I think your assessment of the drying wood is spot on. I've had antique furniture that was over 100 years old dry more from just moving it to a dryer climate. The wood just reaches a balance with the climate it's in and stops drying until moved someplace dryer. 

I don't know about Daren but Cabinetman died.


----------



## Tony B (Jul 30, 2008)

Thanks for the info. Sorry to hear that C-man passed on. I dont know how old C-man was but I think he was around my age - 69. 
Maybe Daren got either bored or real busy in the sawmill business. 
ScottyD (mdntrdr) dont spend much time here either. I know his business seems to have really picked up. I spoke to him by phone the other day by phone. 

I got bored/burned out with this forum a few years back. Now that I am retired and no longer have a shop, I am back on here and really enjoying it - go figya


----------



## woodnthings (Jan 24, 2009)

*really?*



Jig_saw said:


> Kiln drying gives better weatherproofing than air drying. That is why all high quality musical instruments are made from kiln dried wood. Kiln dried maple and spruce preserve tonal quality of an instrument much better than what is possible with air drying. High end violins made from kiln dried wood can maintain their tuning even in wildly varying weather.
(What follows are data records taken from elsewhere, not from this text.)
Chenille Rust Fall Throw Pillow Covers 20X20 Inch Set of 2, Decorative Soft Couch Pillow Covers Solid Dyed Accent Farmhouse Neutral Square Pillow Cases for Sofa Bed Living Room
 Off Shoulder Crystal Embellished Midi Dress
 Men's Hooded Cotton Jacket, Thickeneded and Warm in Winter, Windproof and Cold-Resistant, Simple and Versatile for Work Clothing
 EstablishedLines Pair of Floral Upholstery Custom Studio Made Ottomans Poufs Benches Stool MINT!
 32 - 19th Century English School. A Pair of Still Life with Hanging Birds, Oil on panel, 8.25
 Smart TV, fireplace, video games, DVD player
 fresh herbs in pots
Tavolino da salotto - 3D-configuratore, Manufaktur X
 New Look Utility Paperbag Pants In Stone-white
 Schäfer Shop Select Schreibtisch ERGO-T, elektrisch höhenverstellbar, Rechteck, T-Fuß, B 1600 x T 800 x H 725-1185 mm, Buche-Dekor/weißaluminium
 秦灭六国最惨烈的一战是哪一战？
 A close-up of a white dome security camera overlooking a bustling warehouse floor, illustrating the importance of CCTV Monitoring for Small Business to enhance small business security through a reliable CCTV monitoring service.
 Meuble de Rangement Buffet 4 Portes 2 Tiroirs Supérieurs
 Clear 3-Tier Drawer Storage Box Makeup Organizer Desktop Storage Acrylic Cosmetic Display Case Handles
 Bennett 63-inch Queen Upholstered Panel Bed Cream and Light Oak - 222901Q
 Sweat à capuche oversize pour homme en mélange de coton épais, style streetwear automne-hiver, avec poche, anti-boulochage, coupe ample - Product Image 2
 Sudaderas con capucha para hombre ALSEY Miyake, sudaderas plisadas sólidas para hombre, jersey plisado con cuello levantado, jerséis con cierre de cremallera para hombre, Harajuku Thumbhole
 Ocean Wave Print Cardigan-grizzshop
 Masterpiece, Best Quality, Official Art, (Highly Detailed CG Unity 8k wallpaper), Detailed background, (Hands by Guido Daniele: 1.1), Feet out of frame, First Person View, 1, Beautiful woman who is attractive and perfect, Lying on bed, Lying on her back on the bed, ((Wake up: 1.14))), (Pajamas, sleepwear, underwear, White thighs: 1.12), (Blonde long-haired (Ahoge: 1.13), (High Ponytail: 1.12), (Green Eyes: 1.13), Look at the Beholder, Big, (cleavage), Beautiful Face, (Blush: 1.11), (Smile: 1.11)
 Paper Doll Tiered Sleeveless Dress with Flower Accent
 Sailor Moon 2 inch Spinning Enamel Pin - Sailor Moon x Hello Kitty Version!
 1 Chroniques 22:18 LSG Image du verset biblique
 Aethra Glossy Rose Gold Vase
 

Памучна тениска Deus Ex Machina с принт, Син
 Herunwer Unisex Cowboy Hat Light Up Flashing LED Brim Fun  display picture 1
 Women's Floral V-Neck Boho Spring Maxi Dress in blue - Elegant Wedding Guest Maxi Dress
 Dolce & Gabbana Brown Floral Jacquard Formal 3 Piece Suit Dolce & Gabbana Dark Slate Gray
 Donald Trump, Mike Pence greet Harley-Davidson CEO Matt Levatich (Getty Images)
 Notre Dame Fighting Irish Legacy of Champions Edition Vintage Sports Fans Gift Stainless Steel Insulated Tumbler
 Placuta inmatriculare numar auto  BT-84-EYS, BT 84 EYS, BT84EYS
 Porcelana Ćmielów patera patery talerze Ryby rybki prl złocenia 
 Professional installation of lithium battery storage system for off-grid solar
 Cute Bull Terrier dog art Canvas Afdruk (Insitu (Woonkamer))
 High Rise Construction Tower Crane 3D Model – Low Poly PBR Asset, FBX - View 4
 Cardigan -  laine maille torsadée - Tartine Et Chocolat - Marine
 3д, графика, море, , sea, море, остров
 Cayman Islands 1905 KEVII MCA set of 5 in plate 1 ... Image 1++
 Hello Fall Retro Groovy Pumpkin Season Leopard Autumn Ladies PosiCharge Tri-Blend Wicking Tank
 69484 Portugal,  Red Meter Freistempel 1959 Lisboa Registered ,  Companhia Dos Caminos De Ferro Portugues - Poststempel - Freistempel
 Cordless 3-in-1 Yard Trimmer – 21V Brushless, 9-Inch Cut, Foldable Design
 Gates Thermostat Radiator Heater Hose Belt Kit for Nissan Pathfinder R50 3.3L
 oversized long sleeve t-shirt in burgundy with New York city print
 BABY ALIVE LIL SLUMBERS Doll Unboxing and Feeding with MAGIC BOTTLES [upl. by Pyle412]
I suppose Stradivarius went down to the local kiln and picked up some Spruce for his instruments.....:surprise2:
Back then there were no kilns, but these days KD is used routinely:






I don't think the back side of the face or inside of any instrument is "finished", mine aren't anyway, only the visible surfaces. The thicker the finish the less resonant the sound, so an acoustic guitar with a zillion coats of lacquer buffed out won't sound as good and the same guitar with fewer coats. My friend had his Martin D 18 "factory refinished" by Martin, to a high gloss and it came back sounding worse than when it was new. 

Only if you finish both sides of the wood will you prevent ambient moisture from changing the "tone" and no one who makes guitars does that that I'm aware of.
You always tune an instrument before playing for that reason, BUT some stay in tune better than others. When kept in a constant environment they change very little, it's when you put them in the van in very hot or cold weather and then bring them inside they'll need to be tuned.


----------



## TimPa (Jan 27, 2010)

here in northern pa, the lowest mc I have ever seen from (outside) air drying is about 12 %, too high for furniture projects. extra steps will have to be used to get it to 8%. so we rely solely on kd for indoor projects. it looks like location and climate will make air drying more or less considerable of an option.


----------



## thewalnutguy (Oct 31, 2010)

Here in central MN kiln-drying for wood to be used for indoor furniture MUST be kiln dried. The lumber that I saw gets stickered on pallet racking in an unheated building with multiple roof turbines, the lowest I've ever found after several years of storage is about 17%. I just pulled some 4/4 quarter-sawn white oak that was cut in 2010 and the moisture level was 18%. It's now in a dehumidification kiln, and will probably take about a month to come down to 8%. I've tried pushing the kiln schedule a little faster, but found the degrade level (twisting, warping, cracking) to be unacceptable and now follow the guidelines from the Ebac kiln manual. I once tried "tempering" some air-dried wood by storing it with stickers between layers indoors and even after a year it still showed close to 12% (indoor shop is heated and air conditioned).


----------



## woodnthings (Jan 24, 2009)

*Ebac?*



thewalnutguy said:


> Here in central MN kiln-drying for wood to be used for indoor furniture MUST be kiln dried. The lumber that I saw gets stickered on pallet racking in an unheated building with multiple roof turbines, the lowest I've ever found after several years of storage is about 17%. I just pulled some 4/4 quarter-sawn white oak that was cut in 2010 and the moisture level was 18%. It's now in a dehumidification kiln, and will probably take about a month to come down to 8%. I've tried pushing the kiln schedule a little faster, but found the degrade level (twisting, warping, cracking) to be unacceptable and now follow the guidelines from the Ebac kiln manual. I once tried "tempering" some air-dried wood by storing it with stickers between layers indoors and even after a year it still showed close to 12% (indoor shop is heated and air conditioned).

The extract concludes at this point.